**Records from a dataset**
========================

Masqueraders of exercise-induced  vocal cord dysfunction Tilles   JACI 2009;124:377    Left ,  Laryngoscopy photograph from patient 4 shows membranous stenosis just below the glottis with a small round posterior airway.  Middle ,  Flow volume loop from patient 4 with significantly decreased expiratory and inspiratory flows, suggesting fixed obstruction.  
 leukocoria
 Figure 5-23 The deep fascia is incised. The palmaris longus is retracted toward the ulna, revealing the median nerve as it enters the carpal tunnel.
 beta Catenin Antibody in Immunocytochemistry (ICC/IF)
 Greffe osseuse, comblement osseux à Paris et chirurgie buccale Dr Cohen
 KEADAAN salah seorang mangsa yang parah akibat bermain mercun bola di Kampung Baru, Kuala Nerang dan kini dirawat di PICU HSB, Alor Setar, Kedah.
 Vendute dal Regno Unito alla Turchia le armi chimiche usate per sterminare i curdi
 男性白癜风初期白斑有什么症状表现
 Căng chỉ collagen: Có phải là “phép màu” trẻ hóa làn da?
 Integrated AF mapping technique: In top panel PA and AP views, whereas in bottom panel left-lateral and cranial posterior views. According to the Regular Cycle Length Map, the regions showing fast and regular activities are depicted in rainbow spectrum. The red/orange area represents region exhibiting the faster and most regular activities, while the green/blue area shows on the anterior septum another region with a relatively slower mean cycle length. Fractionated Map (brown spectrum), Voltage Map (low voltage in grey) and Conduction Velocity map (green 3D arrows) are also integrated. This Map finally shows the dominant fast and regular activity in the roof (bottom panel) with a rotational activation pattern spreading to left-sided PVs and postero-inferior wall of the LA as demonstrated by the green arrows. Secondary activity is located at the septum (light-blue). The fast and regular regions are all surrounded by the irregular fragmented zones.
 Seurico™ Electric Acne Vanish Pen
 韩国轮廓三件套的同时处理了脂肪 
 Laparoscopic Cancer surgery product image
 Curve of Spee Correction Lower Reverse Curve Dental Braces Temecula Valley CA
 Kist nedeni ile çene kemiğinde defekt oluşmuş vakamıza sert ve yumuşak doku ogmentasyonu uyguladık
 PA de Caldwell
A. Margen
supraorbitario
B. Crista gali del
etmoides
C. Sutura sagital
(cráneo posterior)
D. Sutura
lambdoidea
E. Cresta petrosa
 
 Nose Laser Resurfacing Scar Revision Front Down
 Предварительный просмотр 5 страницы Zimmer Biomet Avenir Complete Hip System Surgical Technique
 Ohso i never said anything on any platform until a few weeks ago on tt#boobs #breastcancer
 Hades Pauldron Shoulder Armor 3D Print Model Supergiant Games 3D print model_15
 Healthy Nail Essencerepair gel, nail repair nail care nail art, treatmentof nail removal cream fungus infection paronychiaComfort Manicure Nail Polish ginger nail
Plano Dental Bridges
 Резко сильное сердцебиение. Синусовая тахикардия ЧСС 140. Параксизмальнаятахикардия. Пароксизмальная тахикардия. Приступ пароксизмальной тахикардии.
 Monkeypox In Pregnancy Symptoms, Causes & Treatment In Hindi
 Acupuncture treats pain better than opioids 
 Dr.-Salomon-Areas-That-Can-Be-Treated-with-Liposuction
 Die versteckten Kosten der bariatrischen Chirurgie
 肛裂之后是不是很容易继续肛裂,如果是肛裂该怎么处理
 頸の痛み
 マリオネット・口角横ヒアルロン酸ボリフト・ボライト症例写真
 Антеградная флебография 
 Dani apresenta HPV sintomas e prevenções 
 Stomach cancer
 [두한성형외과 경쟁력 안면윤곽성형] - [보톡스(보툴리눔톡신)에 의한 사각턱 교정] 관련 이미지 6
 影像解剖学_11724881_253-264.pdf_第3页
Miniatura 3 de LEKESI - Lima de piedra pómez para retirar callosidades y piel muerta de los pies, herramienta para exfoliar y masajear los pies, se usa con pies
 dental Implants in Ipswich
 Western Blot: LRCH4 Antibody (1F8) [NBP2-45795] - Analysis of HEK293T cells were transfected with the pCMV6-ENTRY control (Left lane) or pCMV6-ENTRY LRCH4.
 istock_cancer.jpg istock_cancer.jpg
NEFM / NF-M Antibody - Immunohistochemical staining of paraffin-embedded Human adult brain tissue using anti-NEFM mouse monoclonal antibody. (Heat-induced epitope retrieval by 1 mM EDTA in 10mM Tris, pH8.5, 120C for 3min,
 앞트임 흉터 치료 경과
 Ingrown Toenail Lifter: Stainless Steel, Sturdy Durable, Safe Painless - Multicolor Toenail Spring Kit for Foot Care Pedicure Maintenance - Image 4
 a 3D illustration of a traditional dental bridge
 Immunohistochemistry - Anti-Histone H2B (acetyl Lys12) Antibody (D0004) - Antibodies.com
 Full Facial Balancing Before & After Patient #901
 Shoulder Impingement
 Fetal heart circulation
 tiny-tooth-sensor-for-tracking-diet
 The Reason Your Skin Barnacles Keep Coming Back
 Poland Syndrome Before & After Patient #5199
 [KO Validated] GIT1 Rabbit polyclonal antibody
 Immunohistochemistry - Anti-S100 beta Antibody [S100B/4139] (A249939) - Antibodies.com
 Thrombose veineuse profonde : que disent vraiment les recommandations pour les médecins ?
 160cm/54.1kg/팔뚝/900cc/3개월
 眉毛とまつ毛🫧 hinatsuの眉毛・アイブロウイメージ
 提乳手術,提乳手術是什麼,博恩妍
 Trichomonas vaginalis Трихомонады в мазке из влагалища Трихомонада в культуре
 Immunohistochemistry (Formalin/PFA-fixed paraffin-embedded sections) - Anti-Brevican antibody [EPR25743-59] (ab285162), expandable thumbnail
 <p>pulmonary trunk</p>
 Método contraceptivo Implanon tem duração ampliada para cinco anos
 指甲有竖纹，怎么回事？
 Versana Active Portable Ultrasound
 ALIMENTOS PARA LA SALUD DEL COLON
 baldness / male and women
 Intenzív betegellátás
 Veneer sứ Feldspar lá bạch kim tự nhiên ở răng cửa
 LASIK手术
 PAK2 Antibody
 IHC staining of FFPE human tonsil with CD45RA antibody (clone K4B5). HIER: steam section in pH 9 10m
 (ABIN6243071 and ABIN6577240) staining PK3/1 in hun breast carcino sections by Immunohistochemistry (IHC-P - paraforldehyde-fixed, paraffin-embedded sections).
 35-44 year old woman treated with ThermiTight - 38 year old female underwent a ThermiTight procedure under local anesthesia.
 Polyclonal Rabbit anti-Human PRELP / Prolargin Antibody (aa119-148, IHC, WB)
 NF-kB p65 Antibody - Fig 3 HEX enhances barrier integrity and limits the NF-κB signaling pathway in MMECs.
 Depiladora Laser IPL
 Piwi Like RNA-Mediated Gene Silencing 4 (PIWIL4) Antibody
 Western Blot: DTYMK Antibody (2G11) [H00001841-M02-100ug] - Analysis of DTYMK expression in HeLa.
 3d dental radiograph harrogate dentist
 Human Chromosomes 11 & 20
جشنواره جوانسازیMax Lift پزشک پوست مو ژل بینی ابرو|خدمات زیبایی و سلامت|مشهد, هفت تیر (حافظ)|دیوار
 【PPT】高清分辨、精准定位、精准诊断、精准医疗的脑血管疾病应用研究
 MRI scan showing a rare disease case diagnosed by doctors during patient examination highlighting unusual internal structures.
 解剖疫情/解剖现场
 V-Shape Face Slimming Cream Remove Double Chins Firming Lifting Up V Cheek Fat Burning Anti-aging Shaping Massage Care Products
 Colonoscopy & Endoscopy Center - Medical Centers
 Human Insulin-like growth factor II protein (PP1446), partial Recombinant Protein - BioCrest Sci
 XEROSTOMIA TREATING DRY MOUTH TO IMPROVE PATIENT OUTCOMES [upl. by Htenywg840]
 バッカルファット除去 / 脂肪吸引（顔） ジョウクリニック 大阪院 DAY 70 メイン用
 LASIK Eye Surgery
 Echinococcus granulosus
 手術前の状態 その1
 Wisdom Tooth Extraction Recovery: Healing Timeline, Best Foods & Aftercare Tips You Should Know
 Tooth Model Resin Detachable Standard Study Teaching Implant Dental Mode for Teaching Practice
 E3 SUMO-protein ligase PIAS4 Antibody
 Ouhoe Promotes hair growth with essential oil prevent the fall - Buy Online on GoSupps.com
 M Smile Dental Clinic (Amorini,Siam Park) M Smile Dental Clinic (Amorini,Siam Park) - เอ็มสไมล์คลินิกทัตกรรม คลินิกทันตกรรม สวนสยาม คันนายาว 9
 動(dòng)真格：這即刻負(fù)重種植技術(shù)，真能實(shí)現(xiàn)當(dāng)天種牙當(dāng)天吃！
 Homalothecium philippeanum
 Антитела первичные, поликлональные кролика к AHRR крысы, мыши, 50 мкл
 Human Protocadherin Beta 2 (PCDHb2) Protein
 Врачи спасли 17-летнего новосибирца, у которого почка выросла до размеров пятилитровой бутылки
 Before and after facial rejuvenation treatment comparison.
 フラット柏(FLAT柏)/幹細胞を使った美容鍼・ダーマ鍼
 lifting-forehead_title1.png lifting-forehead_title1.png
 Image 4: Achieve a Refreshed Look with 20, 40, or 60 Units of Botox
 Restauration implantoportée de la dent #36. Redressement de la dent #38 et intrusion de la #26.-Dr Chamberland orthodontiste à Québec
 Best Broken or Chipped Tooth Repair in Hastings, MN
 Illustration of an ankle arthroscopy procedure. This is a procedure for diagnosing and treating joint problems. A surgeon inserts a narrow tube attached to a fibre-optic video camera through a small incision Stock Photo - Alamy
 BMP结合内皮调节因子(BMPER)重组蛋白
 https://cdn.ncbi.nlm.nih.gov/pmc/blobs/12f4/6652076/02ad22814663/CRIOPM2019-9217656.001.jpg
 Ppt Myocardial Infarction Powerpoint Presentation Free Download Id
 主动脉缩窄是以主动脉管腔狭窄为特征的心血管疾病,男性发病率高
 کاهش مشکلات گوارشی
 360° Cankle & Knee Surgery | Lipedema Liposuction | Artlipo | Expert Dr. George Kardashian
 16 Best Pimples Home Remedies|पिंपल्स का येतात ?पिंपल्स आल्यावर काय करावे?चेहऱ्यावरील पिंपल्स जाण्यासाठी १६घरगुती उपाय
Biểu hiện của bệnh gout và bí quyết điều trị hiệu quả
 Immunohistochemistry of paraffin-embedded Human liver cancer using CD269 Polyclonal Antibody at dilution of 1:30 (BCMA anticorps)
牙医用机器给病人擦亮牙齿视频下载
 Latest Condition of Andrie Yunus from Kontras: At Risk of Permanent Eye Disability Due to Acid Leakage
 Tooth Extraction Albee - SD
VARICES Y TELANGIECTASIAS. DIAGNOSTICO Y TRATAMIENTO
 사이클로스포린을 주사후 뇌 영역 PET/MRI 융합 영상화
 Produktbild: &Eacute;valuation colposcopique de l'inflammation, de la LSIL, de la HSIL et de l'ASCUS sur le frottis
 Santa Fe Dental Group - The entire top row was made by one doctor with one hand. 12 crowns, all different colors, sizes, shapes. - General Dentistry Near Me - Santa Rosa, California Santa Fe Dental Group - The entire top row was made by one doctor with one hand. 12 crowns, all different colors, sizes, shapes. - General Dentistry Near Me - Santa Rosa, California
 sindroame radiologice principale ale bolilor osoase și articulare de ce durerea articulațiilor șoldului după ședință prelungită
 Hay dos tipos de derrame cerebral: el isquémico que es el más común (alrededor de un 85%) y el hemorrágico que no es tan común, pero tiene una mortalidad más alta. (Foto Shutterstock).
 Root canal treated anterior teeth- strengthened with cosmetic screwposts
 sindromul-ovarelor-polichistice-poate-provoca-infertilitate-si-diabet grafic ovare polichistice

========================

**Task details**
Among the records above, a stretch begins at the line containing "主动脉缩窄是以主动脉管腔狭窄为特征的心血管疾病,男性发病率高" and ends at the line containing "Produktbild: &Eacute;valuation colposcopique". Restate that stretch word for word, and nothing else.

**Task answer**
 主动脉缩窄是以主动脉管腔狭窄为特征的心血管疾病,男性发病率高
 کاهش مشکلات گوارشی
 360° Cankle & Knee Surgery | Lipedema Liposuction | Artlipo | Expert Dr. George Kardashian
 16 Best Pimples Home Remedies|पिंपल्स का येतात ?पिंपल्स आल्यावर काय करावे?चेहऱ्यावरील पिंपल्स जाण्यासाठी १६घरगुती उपाय
Biểu hiện của bệnh gout và bí quyết điều trị hiệu quả
 Immunohistochemistry of paraffin-embedded Human liver cancer using CD269 Polyclonal Antibody at dilution of 1:30 (BCMA anticorps)
牙医用机器给病人擦亮牙齿视频下载
 Latest Condition of Andrie Yunus from Kontras: At Risk of Permanent Eye Disability Due to Acid Leakage
 Tooth Extraction Albee - SD
VARICES Y TELANGIECTASIAS. DIAGNOSTICO Y TRATAMIENTO
 사이클로스포린을 주사후 뇌 영역 PET/MRI 융합 영상화
 Produktbild: &Eacute;valuation colposcopique de l'inflammation, de la LSIL, de la HSIL et de l'ASCUS sur le frottis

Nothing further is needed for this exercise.